#### [Task directions]
In your copy of the records, include every word exactly and no pictures.

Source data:
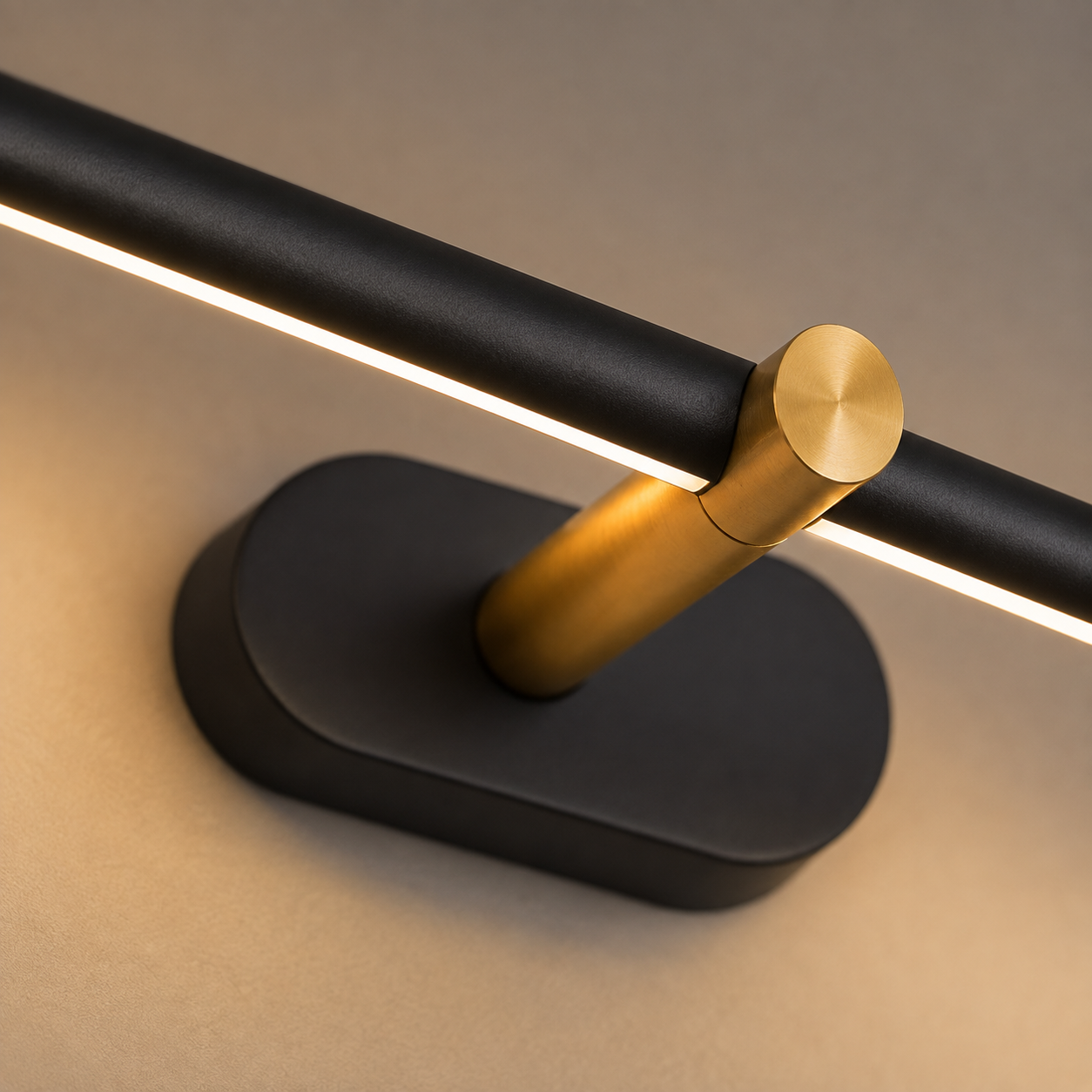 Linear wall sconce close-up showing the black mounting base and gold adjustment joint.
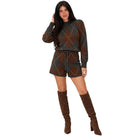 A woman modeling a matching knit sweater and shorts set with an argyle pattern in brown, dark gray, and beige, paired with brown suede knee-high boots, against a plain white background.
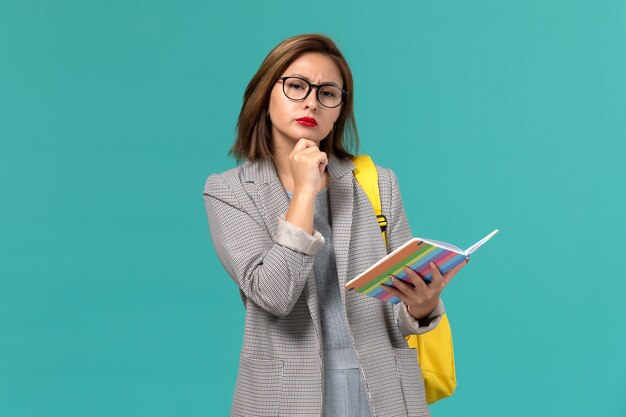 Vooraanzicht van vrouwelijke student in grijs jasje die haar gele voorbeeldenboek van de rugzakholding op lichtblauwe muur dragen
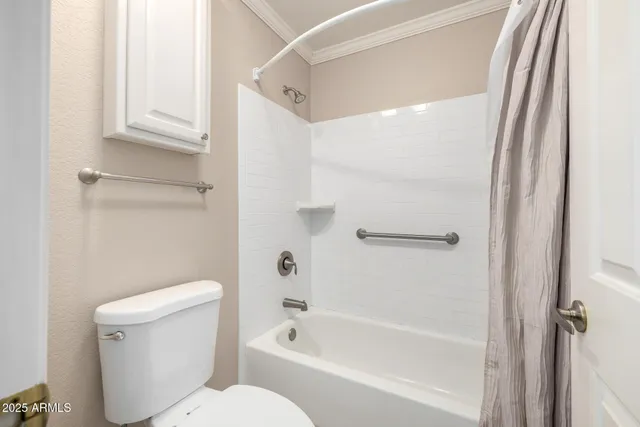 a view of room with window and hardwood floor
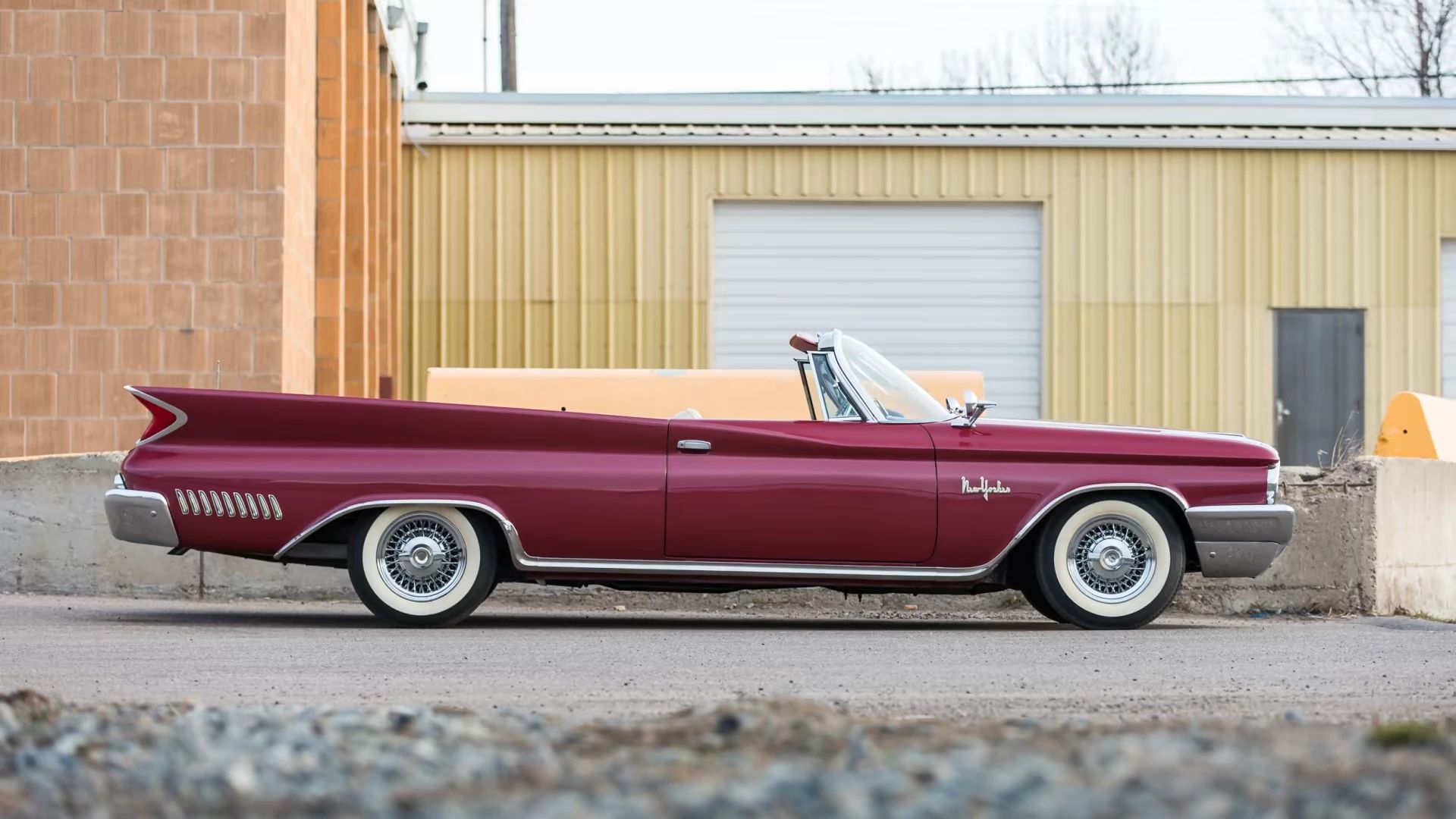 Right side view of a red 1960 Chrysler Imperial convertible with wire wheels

#### [Reply to the task]
 Linear wall sconce close-up showing the black mounting base and gold adjustment joint.
 A woman modeling a matching knit sweater and shorts set with an argyle pattern in brown, dark gray, and beige, paired with brown suede knee-high boots, against a plain white background.
 Vooraanzicht van vrouwelijke student in grijs jasje die haar gele voorbeeldenboek van de rugzakholding op lichtblauwe muur dragen
 a view of room with window and hardwood floor
 Right side view of a red 1960 Chrysler Imperial convertible with wire wheels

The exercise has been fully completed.